(Data extracted from a collection)

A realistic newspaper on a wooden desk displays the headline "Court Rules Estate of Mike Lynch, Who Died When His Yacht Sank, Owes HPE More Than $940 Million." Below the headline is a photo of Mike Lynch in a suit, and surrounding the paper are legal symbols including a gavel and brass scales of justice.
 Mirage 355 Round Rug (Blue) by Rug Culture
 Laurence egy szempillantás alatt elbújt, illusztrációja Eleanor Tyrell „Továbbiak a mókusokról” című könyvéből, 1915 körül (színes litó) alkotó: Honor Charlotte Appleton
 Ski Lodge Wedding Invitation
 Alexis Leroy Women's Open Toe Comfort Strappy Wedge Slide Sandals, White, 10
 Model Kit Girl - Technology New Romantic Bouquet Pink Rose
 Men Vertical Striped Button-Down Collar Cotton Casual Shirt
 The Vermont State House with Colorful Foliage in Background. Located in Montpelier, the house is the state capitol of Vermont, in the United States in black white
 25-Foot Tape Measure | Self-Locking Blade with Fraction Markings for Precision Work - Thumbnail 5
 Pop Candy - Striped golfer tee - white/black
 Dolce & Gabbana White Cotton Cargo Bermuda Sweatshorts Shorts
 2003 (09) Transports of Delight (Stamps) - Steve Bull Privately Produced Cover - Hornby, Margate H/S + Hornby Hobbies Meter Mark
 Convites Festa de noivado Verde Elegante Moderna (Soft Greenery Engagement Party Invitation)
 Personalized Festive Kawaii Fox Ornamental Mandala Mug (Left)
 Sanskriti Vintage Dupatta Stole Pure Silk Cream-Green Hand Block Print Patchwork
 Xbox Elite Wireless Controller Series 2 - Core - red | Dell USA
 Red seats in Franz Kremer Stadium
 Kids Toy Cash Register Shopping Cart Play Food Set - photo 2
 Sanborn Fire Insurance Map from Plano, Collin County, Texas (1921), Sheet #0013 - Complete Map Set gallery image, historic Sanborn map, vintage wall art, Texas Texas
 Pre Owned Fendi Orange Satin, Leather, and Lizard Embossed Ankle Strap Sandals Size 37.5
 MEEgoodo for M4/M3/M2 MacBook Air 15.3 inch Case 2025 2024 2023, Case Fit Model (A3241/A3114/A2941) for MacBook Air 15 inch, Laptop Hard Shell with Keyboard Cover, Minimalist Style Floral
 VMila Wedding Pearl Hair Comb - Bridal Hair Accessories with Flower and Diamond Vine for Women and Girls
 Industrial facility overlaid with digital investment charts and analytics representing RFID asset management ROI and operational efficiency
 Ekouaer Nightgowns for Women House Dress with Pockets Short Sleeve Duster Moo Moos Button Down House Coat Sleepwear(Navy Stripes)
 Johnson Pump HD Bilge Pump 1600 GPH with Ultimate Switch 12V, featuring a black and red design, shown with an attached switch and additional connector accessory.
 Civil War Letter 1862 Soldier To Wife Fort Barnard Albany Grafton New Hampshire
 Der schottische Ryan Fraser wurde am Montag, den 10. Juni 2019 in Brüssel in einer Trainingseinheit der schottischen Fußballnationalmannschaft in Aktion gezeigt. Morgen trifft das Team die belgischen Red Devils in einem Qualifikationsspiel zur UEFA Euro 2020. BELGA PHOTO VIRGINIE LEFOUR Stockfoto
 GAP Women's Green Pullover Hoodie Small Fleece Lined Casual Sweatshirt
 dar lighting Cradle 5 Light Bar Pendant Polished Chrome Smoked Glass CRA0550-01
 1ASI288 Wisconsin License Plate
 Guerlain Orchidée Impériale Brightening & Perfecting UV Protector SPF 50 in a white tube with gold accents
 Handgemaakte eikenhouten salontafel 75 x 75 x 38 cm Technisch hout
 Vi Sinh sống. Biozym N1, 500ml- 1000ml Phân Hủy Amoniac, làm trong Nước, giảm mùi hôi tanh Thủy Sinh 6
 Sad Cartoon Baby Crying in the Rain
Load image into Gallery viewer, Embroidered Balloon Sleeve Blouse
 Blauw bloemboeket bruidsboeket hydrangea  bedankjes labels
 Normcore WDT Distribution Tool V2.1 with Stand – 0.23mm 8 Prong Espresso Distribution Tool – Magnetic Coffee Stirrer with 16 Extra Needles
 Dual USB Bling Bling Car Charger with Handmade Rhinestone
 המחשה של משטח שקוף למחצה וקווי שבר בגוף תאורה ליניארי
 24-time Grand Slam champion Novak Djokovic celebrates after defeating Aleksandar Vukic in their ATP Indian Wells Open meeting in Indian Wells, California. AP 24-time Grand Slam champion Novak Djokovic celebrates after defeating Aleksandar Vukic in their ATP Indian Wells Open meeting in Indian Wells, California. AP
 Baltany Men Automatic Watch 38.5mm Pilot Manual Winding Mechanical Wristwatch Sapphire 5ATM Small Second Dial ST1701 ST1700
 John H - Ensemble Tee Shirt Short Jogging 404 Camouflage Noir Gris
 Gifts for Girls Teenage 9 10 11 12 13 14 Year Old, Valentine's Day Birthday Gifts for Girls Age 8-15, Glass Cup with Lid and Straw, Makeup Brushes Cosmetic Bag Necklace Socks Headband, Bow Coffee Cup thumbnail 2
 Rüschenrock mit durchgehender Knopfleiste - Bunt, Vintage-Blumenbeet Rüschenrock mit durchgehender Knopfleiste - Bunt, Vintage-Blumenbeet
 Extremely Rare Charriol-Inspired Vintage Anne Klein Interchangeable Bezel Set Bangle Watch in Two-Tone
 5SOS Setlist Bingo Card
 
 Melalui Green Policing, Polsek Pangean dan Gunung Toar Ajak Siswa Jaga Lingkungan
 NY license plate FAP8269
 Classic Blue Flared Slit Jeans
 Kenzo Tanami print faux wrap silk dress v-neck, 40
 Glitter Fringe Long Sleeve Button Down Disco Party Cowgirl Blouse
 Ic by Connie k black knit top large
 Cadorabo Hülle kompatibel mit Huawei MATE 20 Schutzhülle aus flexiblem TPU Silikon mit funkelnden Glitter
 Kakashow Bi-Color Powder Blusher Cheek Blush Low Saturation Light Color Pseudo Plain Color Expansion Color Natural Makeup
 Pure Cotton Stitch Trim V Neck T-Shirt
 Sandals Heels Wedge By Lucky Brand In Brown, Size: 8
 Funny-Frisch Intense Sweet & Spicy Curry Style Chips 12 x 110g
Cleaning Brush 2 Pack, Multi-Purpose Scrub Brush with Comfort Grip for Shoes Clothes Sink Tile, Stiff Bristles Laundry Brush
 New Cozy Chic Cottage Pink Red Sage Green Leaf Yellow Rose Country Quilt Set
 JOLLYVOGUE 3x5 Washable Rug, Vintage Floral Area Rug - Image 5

[Requirement] Output the complete set of records word for word.

[Solution below]
A realistic newspaper on a wooden desk displays the headline "Court Rules Estate of Mike Lynch, Who Died When His Yacht Sank, Owes HPE More Than $940 Million." Below the headline is a photo of Mike Lynch in a suit, and surrounding the paper are legal symbols including a gavel and brass scales of justice.
 Mirage 355 Round Rug (Blue) by Rug Culture
 Laurence egy szempillantás alatt elbújt, illusztrációja Eleanor Tyrell „Továbbiak a mókusokról” című könyvéből, 1915 körül (színes litó) alkotó: Honor Charlotte Appleton
 Ski Lodge Wedding Invitation
 Alexis Leroy Women's Open Toe Comfort Strappy Wedge Slide Sandals, White, 10
 Model Kit Girl - Technology New Romantic Bouquet Pink Rose
 Men Vertical Striped Button-Down Collar Cotton Casual Shirt
 The Vermont State House with Colorful Foliage in Background. Located in Montpelier, the house is the state capitol of Vermont, in the United States in black white
 25-Foot Tape Measure | Self-Locking Blade with Fraction Markings for Precision Work - Thumbnail 5
 Pop Candy - Striped golfer tee - white/black
 Dolce & Gabbana White Cotton Cargo Bermuda Sweatshorts Shorts
 2003 (09) Transports of Delight (Stamps) - Steve Bull Privately Produced Cover - Hornby, Margate H/S + Hornby Hobbies Meter Mark
 Convites Festa de noivado Verde Elegante Moderna (Soft Greenery Engagement Party Invitation)
 Personalized Festive Kawaii Fox Ornamental Mandala Mug (Left)
 Sanskriti Vintage Dupatta Stole Pure Silk Cream-Green Hand Block Print Patchwork
 Xbox Elite Wireless Controller Series 2 - Core - red | Dell USA
 Red seats in Franz Kremer Stadium
 Kids Toy Cash Register Shopping Cart Play Food Set - photo 2
 Sanborn Fire Insurance Map from Plano, Collin County, Texas (1921), Sheet #0013 - Complete Map Set gallery image, historic Sanborn map, vintage wall art, Texas Texas
 Pre Owned Fendi Orange Satin, Leather, and Lizard Embossed Ankle Strap Sandals Size 37.5
 MEEgoodo for M4/M3/M2 MacBook Air 15.3 inch Case 2025 2024 2023, Case Fit Model (A3241/A3114/A2941) for MacBook Air 15 inch, Laptop Hard Shell with Keyboard Cover, Minimalist Style Floral
 VMila Wedding Pearl Hair Comb - Bridal Hair Accessories with Flower and Diamond Vine for Women and Girls
 Industrial facility overlaid with digital investment charts and analytics representing RFID asset management ROI and operational efficiency
 Ekouaer Nightgowns for Women House Dress with Pockets Short Sleeve Duster Moo Moos Button Down House Coat Sleepwear(Navy Stripes)
 Johnson Pump HD Bilge Pump 1600 GPH with Ultimate Switch 12V, featuring a black and red design, shown with an attached switch and additional connector accessory.
 Civil War Letter 1862 Soldier To Wife Fort Barnard Albany Grafton New Hampshire
 Der schottische Ryan Fraser wurde am Montag, den 10. Juni 2019 in Brüssel in einer Trainingseinheit der schottischen Fußballnationalmannschaft in Aktion gezeigt. Morgen trifft das Team die belgischen Red Devils in einem Qualifikationsspiel zur UEFA Euro 2020. BELGA PHOTO VIRGINIE LEFOUR Stockfoto
 GAP Women's Green Pullover Hoodie Small Fleece Lined Casual Sweatshirt
 dar lighting Cradle 5 Light Bar Pendant Polished Chrome Smoked Glass CRA0550-01
 1ASI288 Wisconsin License Plate
 Guerlain Orchidée Impériale Brightening & Perfecting UV Protector SPF 50 in a white tube with gold accents
 Handgemaakte eikenhouten salontafel 75 x 75 x 38 cm Technisch hout
 Vi Sinh sống. Biozym N1, 500ml- 1000ml Phân Hủy Amoniac, làm trong Nước, giảm mùi hôi tanh Thủy Sinh 6
 Sad Cartoon Baby Crying in the Rain
Load image into Gallery viewer, Embroidered Balloon Sleeve Blouse
 Blauw bloemboeket bruidsboeket hydrangea  bedankjes labels
 Normcore WDT Distribution Tool V2.1 with Stand – 0.23mm 8 Prong Espresso Distribution Tool – Magnetic Coffee Stirrer with 16 Extra Needles
 Dual USB Bling Bling Car Charger with Handmade Rhinestone
 המחשה של משטח שקוף למחצה וקווי שבר בגוף תאורה ליניארי
 24-time Grand Slam champion Novak Djokovic celebrates after defeating Aleksandar Vukic in their ATP Indian Wells Open meeting in Indian Wells, California. AP 24-time Grand Slam champion Novak Djokovic celebrates after defeating Aleksandar Vukic in their ATP Indian Wells Open meeting in Indian Wells, California. AP
 Baltany Men Automatic Watch 38.5mm Pilot Manual Winding Mechanical Wristwatch Sapphire 5ATM Small Second Dial ST1701 ST1700
 John H - Ensemble Tee Shirt Short Jogging 404 Camouflage Noir Gris
 Gifts for Girls Teenage 9 10 11 12 13 14 Year Old, Valentine's Day Birthday Gifts for Girls Age 8-15, Glass Cup with Lid and Straw, Makeup Brushes Cosmetic Bag Necklace Socks Headband, Bow Coffee Cup thumbnail 2
 Rüschenrock mit durchgehender Knopfleiste - Bunt, Vintage-Blumenbeet Rüschenrock mit durchgehender Knopfleiste - Bunt, Vintage-Blumenbeet
 Extremely Rare Charriol-Inspired Vintage Anne Klein Interchangeable Bezel Set Bangle Watch in Two-Tone
 5SOS Setlist Bingo Card
 
 Melalui Green Policing, Polsek Pangean dan Gunung Toar Ajak Siswa Jaga Lingkungan
 NY license plate FAP8269
 Classic Blue Flared Slit Jeans
 Kenzo Tanami print faux wrap silk dress v-neck, 40
 Glitter Fringe Long Sleeve Button Down Disco Party Cowgirl Blouse
 Ic by Connie k black knit top large
 Cadorabo Hülle kompatibel mit Huawei MATE 20 Schutzhülle aus flexiblem TPU Silikon mit funkelnden Glitter
 Kakashow Bi-Color Powder Blusher Cheek Blush Low Saturation Light Color Pseudo Plain Color Expansion Color Natural Makeup
 Pure Cotton Stitch Trim V Neck T-Shirt
 Sandals Heels Wedge By Lucky Brand In Brown, Size: 8
 Funny-Frisch Intense Sweet & Spicy Curry Style Chips 12 x 110g
Cleaning Brush 2 Pack, Multi-Purpose Scrub Brush with Comfort Grip for Shoes Clothes Sink Tile, Stiff Bristles Laundry Brush
 New Cozy Chic Cottage Pink Red Sage Green Leaf Yellow Rose Country Quilt Set
 JOLLYVOGUE 3x5 Washable Rug, Vintage Floral Area Rug - Image 5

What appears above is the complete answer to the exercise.